Extract Mode¶
Performs Named Entity Recognition (NER) on BioSample records using an LLM to extract biological information in specified categories.
Overview¶
BioSample JSON
|
v
+------------+
| Load |
| bs_entries |
+------------+
|
v
+------------+
| Build |
| messages |
+------------+
|
v
+------------+
| Ollama |
| chat() |
+------------+
|
v
+------------+
| Parse JSON |
| response |
+------------+
- Load BioSample entries from JSON/JSONL
- Apply prompt (YAML) and format schema (JSON Schema)
- Send batch requests to Ollama
- Extract and parse JSON from responses
CLI Options¶
Common Options¶
| Option | Description | Default |
|---|---|---|
--bs-entries |
Path to the input JSON or JSONL file containing BioSample entries (required) | -- |
--model |
LLM model to use for NER | llama3.1:70b |
--thinking BOOL |
Enable or disable thinking mode for the LLM (true/false) |
false |
--max-entries |
Process only the first N entries (-1 for all) |
-1 |
--ollama-host |
Host URL for the Ollama server | http://localhost:11434 |
--debug |
Enable debug mode for more verbose logging | false |
--run-name |
Name of the run for identification purposes | {model}_{timestamp} |
--resume |
Resume from the last incomplete run | false |
--batch-size |
Number of entries to process in each batch | 1024 |
--num-ctx |
Context length for Ollama | 4096 |
Extract-Specific Options¶
| Option | Description | Default |
|---|---|---|
--prompt |
Path to the prompt file in YAML format | bsllmner2/prompt/prompt_extract.yml |
--format |
Path to the JSON schema file for the output format | None |
Usage Examples¶
bsllmner2_extract \
--bs-entries tests/data/example_biosample.json \
--prompt bsllmner2/prompt/prompt_extract.yml \
--format bsllmner2/format/cell_line.schema.json \
--model llama3.1:70b \
--debug
With Docker:
docker compose exec app bsllmner2_extract \
--bs-entries tests/data/example_biosample.json \
--model llama3.1:70b
Prompt Specification¶
Prompts are defined as a YAML list where each element has role and content.
- role: system
content: |-
You are a smart curator of biological data
- role: user
content: |-
I will input JSON formatted metadata of a sample...
Here is the input metadata:
At runtime, the BioSample entry JSON is appended to the content of the last message.
Customization¶
- Copy the built-in prompt (
bsllmner2/prompt/prompt_extract.yml) - Edit the category descriptions and output rules
- Specify the file with
--prompt
Output Format Specification¶
When a JSON Schema is specified with --format, the Ollama structured output feature (format parameter) constrains the output format.
Built-in schema (bsllmner2/format/cell_line.schema.json):
{
"$schema": "http://json-schema.org/draft-07/schema#",
"type": "object",
"properties": {
"cell_line": { "type": ["string", "null"] }
},
"required": ["cell_line"],
"additionalProperties": true
}
If --format is omitted, the LLM responds in free form.
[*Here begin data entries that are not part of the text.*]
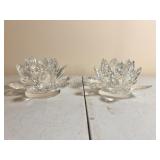 GOLDINGER SHANNON Set of 2 Crystal Candle Holders
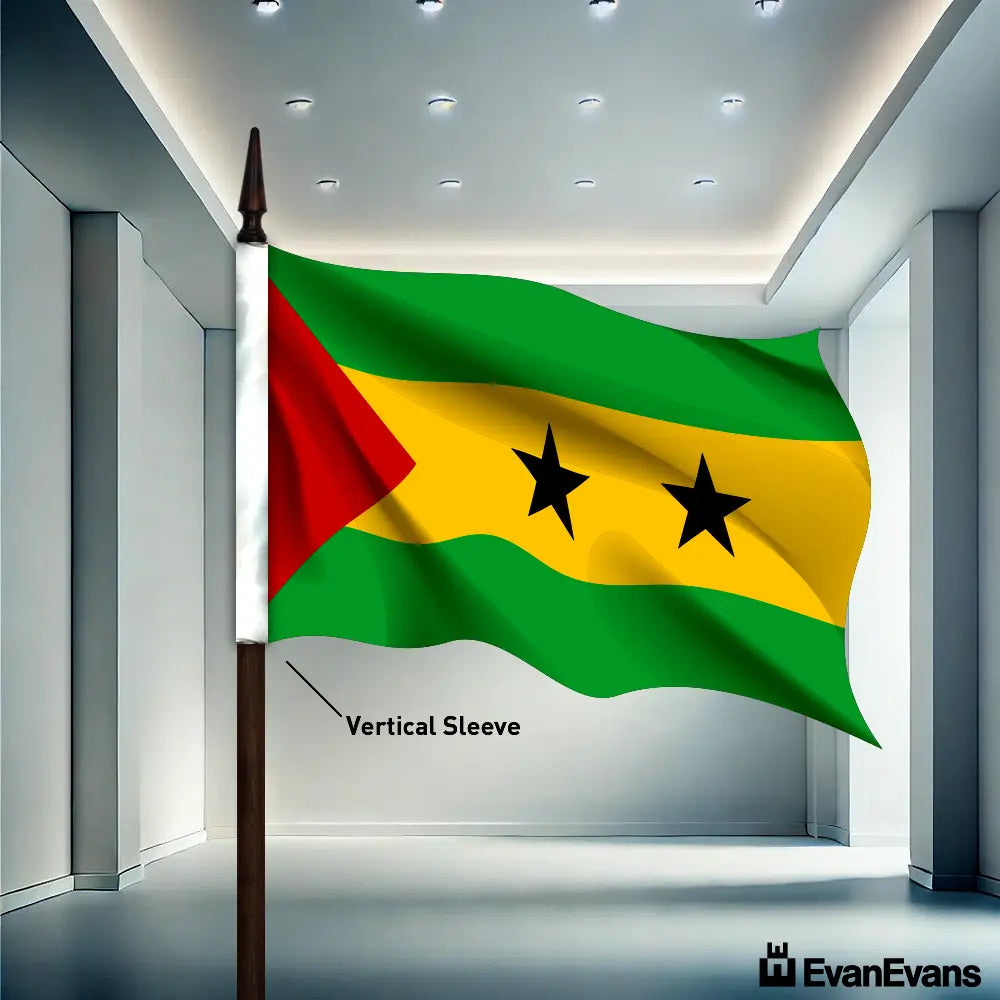 Sao Tome and Principe flag vertical sleeve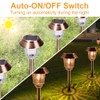 XMCOSY+ Solar Lights Outside Waterproof - 4 Pack Auto On/Off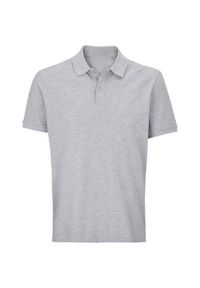 SOL'S - Koszulka Polo Pegase Dla Dorosłych Unisex. Typ kołnierza: polo. Kolor: szary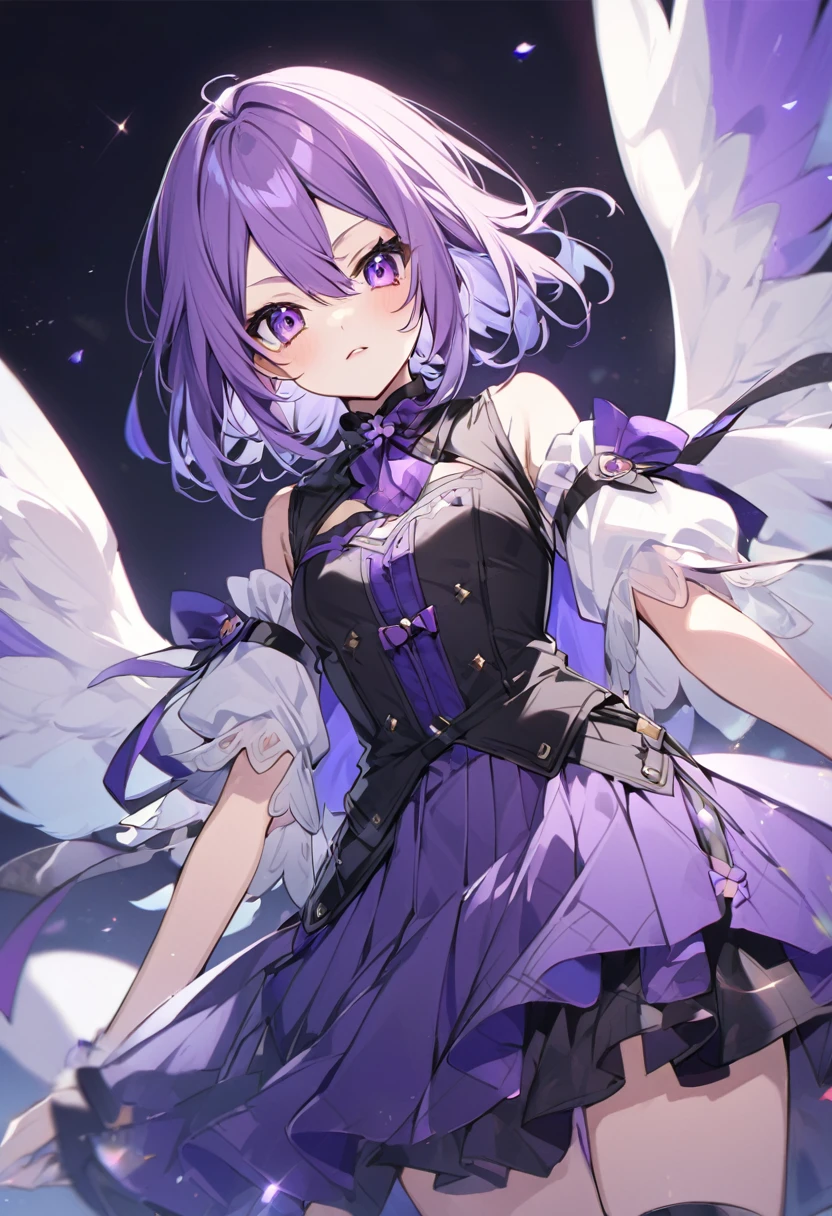 Keito。Purple Eyes。female。Purple Hair。
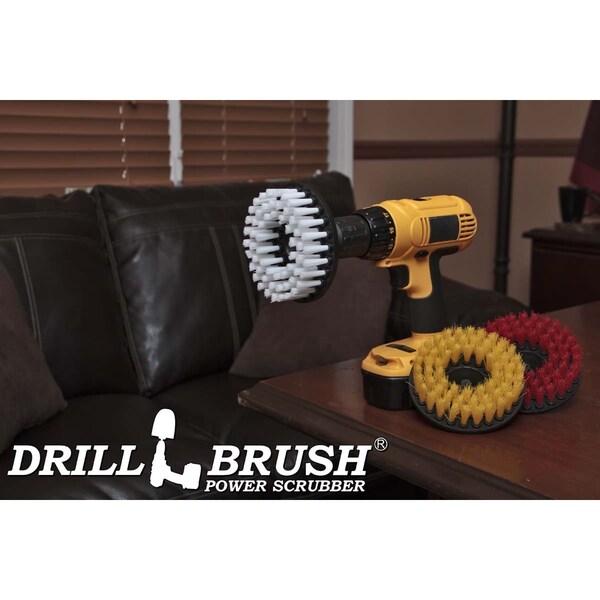 Cepillo de Taladro Power Scrubber de Useful Products 5 pulgadas de Ancho 5 pulgadas de Largo, Variedad - 5IN-S-RWY-H-DB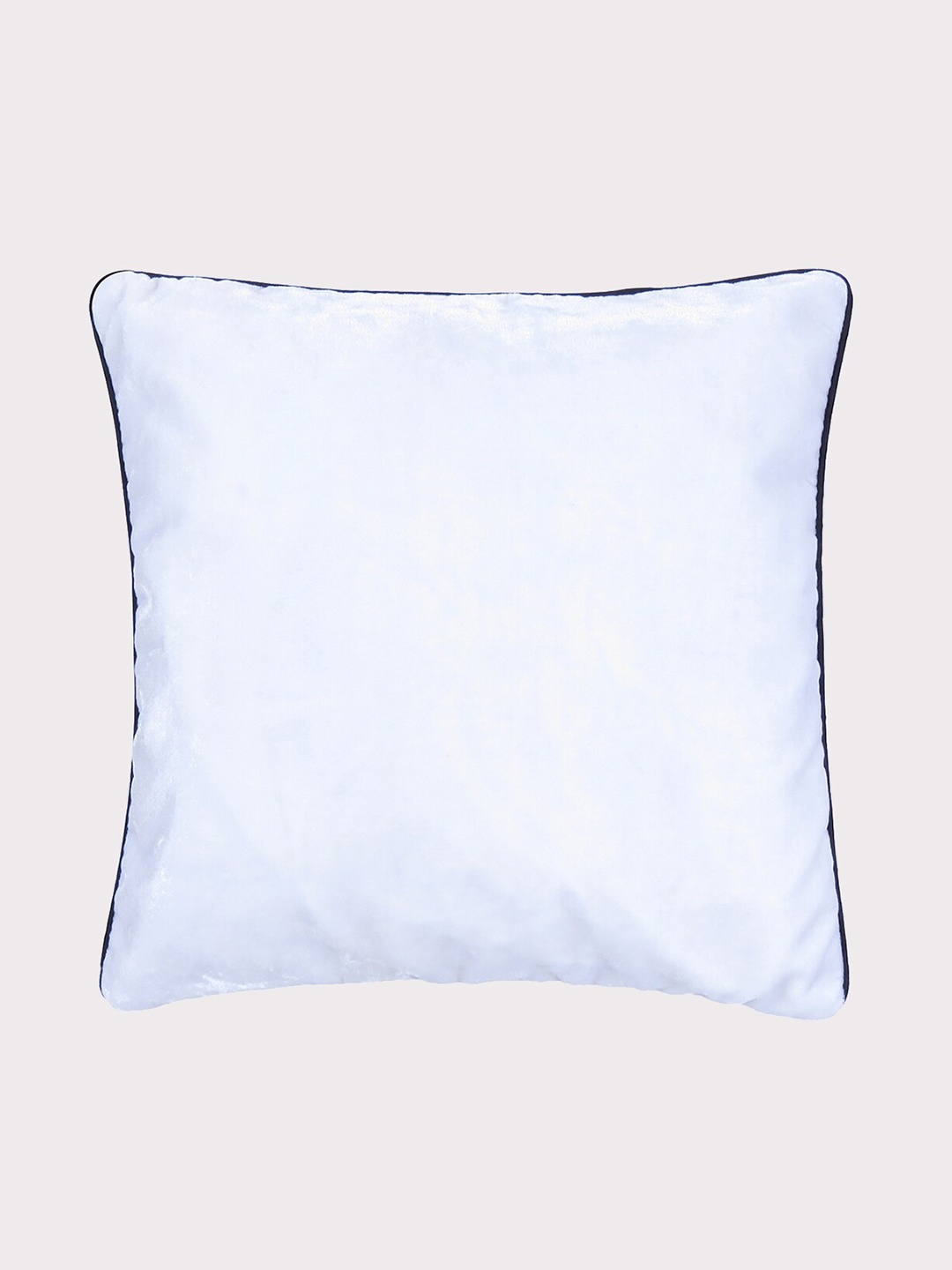 

OUSSUM White & Black Velvet Square Cushion Cover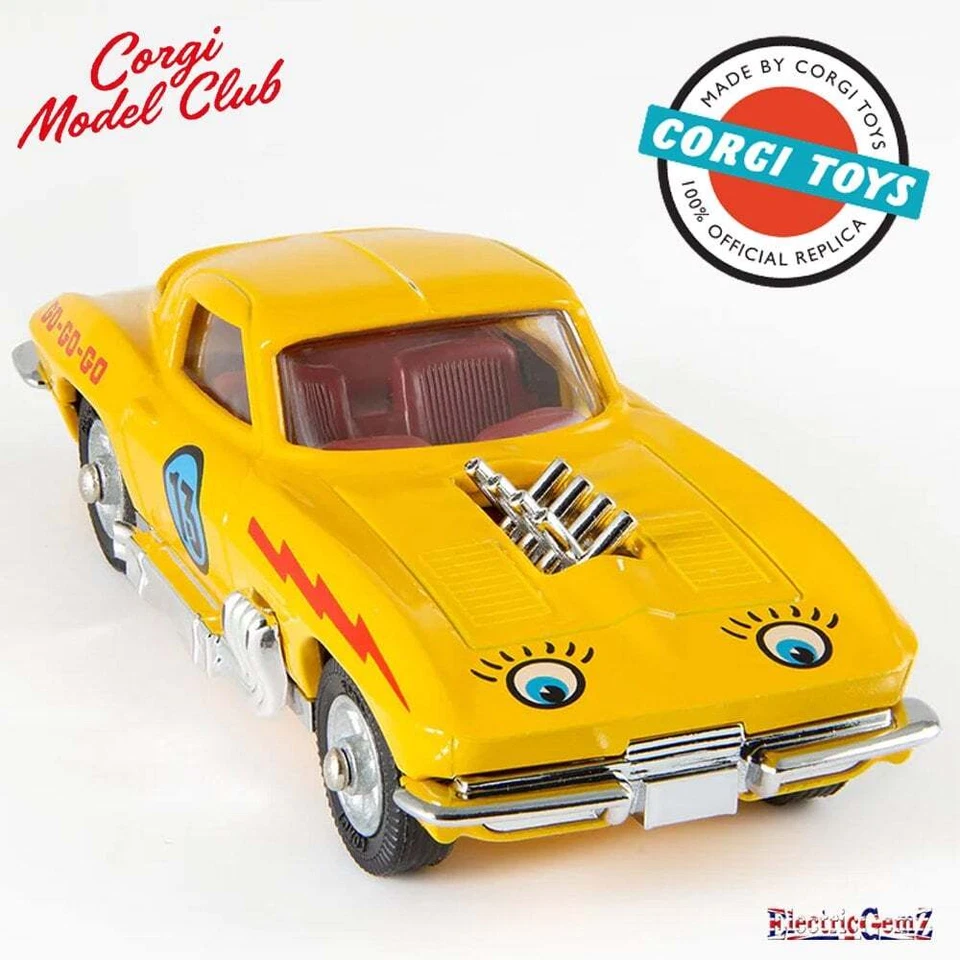 Corgi Model Club 337 Customised Chevrolet Corvette Sting Ray Diecast Car inc CoA - Image 4 of 4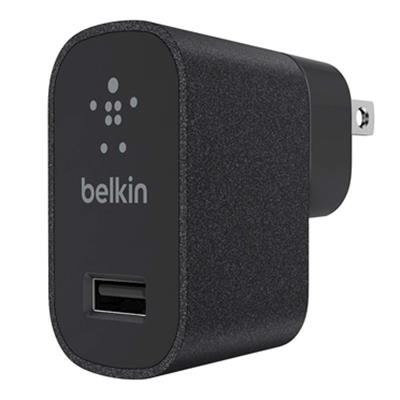 BELKIN MIXITUP 2.4A WALL CHARGER,USB (1), METALLIC BLACK, 2YR WTY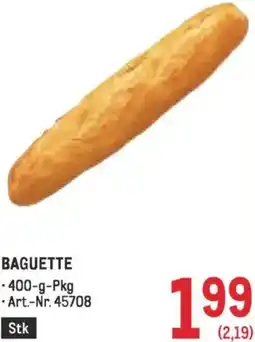 Metro Baguette Angebot
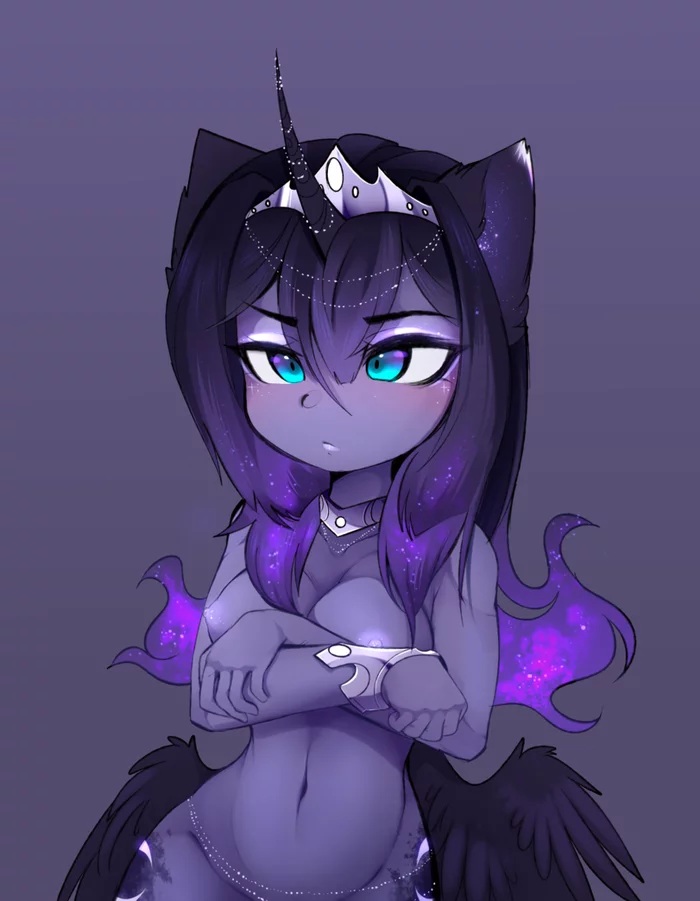 Luna - NSFW, My little pony, Magnaluna, MLP Edge, Princess luna, MLP Suggestive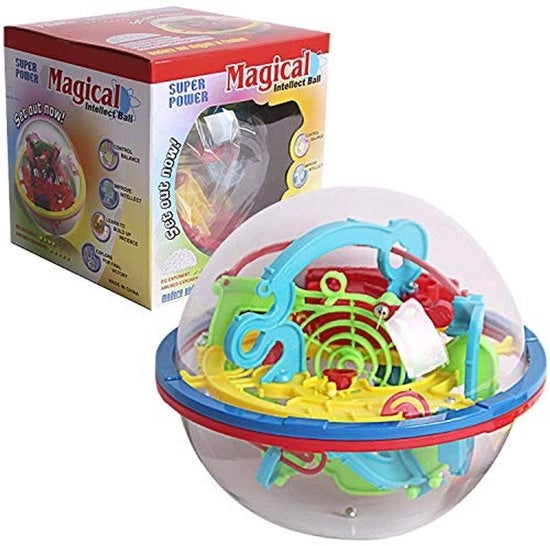 Giocattolo educativo da sfida per bambini, labyrinto portatile con sfide di puzzle, gioco stressante per la mente, allenamento spaziale per bambini, pallone da puzzle per bambini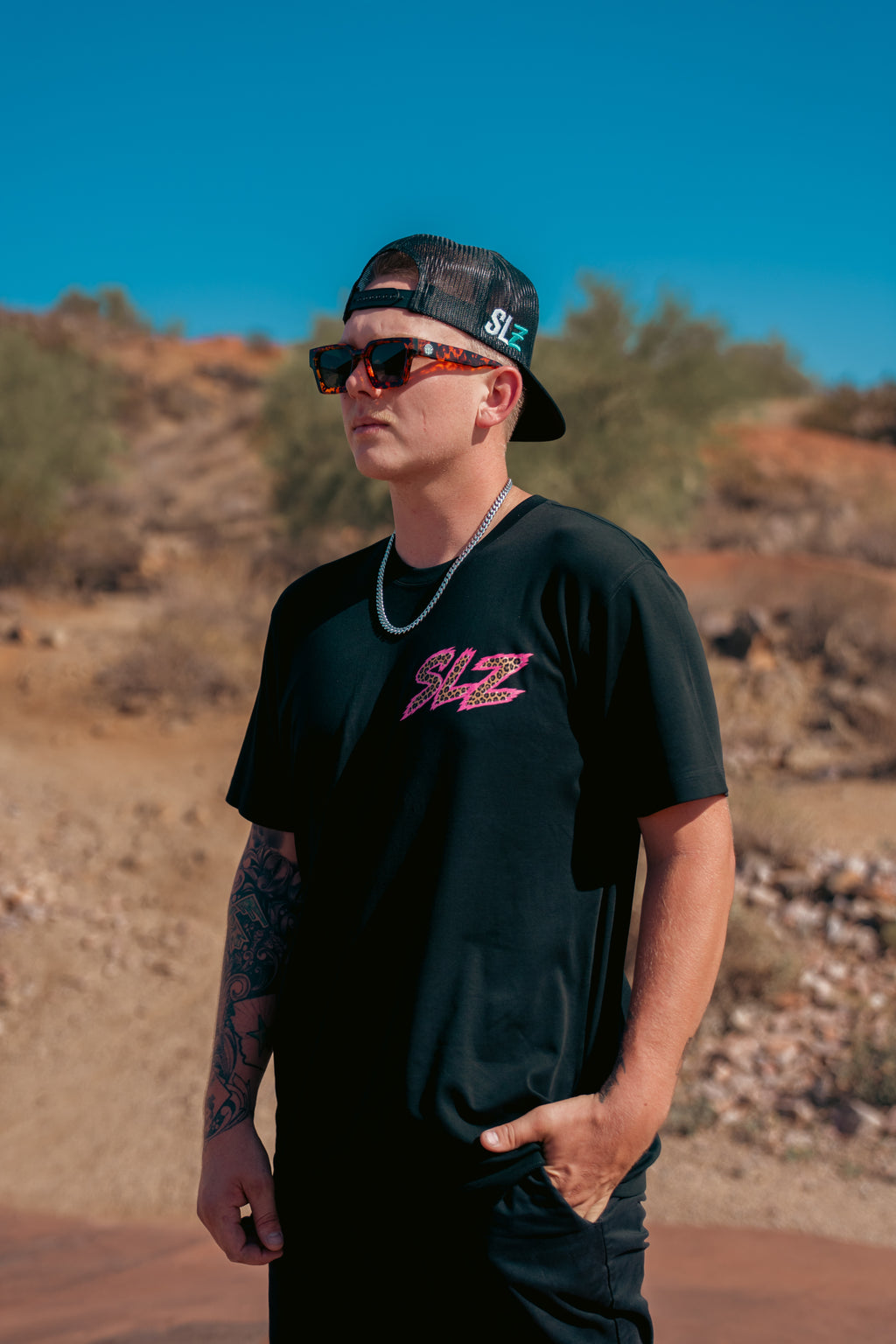 SLZ Wild Side Unisex Cheetah Tee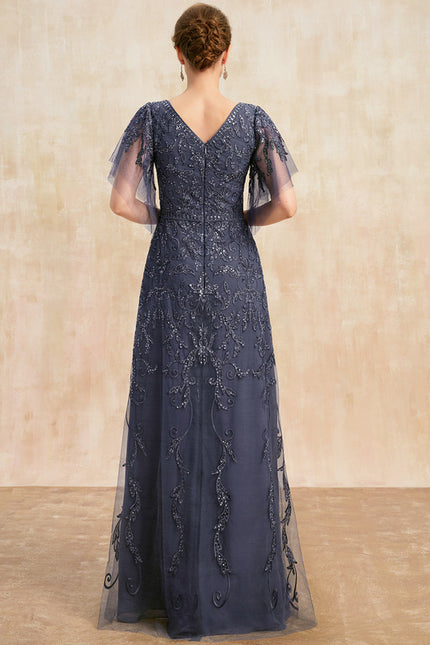 Robe Dentelle Vaporeuse Ornée - gallery 5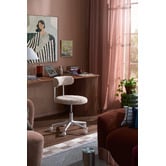 Temple &amp; Webster Beige Conrad Boucle Office Chair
The last JSON object/array is extracted from the response using a regex and parsed.
Resume¶
When --resume is specified, processing continues from the previous interruption. The resume file is automatically deleted after successful completion.
The same --run-name must be specified as the original run. If the original run used the auto-generated name ({model}_{timestamp}), you need to find it from the resume file in bsllmner2-results/extract/.
Result Files¶
See Data Formats for the full result schema.
| File | Description |
|---|---|
bsllmner2-results/extract/{run_name}.json |
Complete result |
bsllmner2-results/extract/{run_name}_resume.json |
Resume intermediate file (during processing only) |
The default run_name is {model}_{YYYYMMDD_HHMMSS} (UTC).